*** Block opens ***

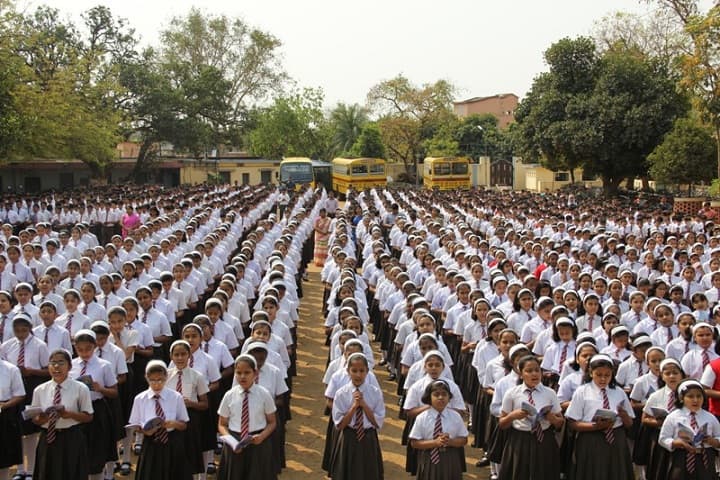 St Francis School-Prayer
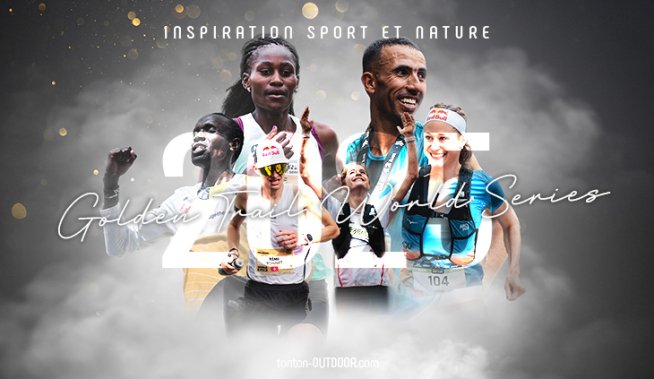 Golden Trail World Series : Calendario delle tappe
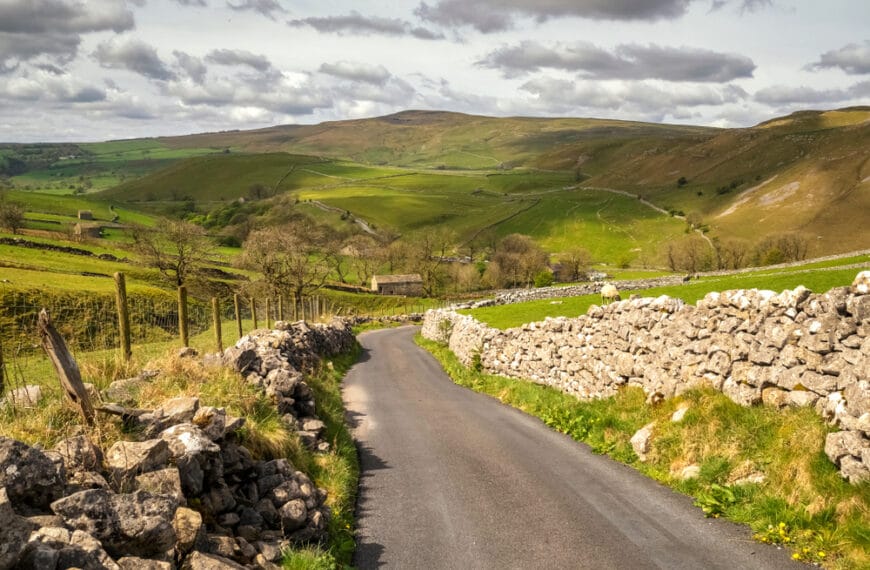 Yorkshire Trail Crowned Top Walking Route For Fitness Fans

*** Block closes ***

Exercise prompt. Every line above should be output exactly, except for the pictures.

Result below.
 St Francis School-Prayer
 Golden Trail World Series : Calendario delle tappe
 Yorkshire Trail Crowned Top Walking Route For Fitness Fans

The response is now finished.